Si la situation est celle d’une guerre civile, ce type de décision est politiquement logique. Mais elle oblige à réorienter les flux commerciaux et budgétaires. C’est pourquoi les autorités locales affirment s’être préparées à cette éventualité depuis un an. Nous ne sommes pas dans le cadre d’une réaction émotionnelle, mais dans celui d’un changement de stratégie politique. Elles ont mis ainsi en place des structures composées de représentants des ouvriers de ces entreprises, des syndicats professionnels, de députés locaux et d’ONG locales. Ces organes ont pour mission d’aider les entreprises à passer sous juridiction de DNR et LNR, à réorienter leur production, à développer leurs activités commerciales avec d’autres partenaires, notamment en Russie et en Chine.

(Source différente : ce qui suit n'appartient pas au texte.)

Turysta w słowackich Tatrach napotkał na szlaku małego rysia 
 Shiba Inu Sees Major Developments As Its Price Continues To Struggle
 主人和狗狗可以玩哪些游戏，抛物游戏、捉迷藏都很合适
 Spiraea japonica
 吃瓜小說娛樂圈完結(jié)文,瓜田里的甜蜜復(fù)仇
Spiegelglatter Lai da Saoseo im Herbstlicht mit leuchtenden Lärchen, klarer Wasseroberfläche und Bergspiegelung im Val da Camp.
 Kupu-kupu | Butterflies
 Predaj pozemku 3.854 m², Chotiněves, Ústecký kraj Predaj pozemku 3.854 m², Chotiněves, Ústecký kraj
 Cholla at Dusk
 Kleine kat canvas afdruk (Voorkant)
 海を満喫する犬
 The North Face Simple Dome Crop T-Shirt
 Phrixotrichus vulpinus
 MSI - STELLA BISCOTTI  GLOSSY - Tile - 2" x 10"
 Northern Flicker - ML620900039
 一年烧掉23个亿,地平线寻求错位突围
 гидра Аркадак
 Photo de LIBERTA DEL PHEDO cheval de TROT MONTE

Cette décision porte un coup très important aux oligarques locaux, qui généralement ne soutiennent pas les autorités locales: la politique étant mauvaise pour le business. Par exemple, l’oligarque Akhmetov possède dans le Donbass 47 entreprises (des usines métallurgiques, des mines etc) et emploie environ 120 000 personnes. S’il verse ses impôts dans le Donbass et non en Ukraine, le budget ukrainien va perdre environ 2,5 à 3 milliards de gryvnia, ce qui sera autant de versé dans le budget des républiques.
Pour autant, tout n’est pas simple. Certains hommes d’affaires refusent cette mise sous administration provisoire pour raison politique, qui risque de provoquer leur faillite personnelle. Les autorités locales ont promis de ne pas toucher aux emplois et de tenter de relancer les entreprises qui ont dû fermer suite au conflit. Elles se donnent une période transitoire de 2 mois environ.
La transition ne va pas être simple, mais elle est d’une importance considérable pour les autorités locales, car si le pari est gagné, elles renforceront leur autonomie budgétaire et donc leur poids politique. Pour Kiev, c’est une très mauvaise nouvelle, car la politique menée par l’Ukraine semble conduire vers une inéluctable séparation de ces territoires. En ce qui concerne la Russie, elle est dans une situation délicate. D’une part, elle est obligée, au minimum moralement, de soutenir, notamment économiquement, ces territoires qui ne pourront évidemment réussir seuls leur transition. D’autre part, cela sera perçu sur la scène internationale comme une violation de plus des accords de Minsk. Mais ces accords de Minsk existent-ils encore?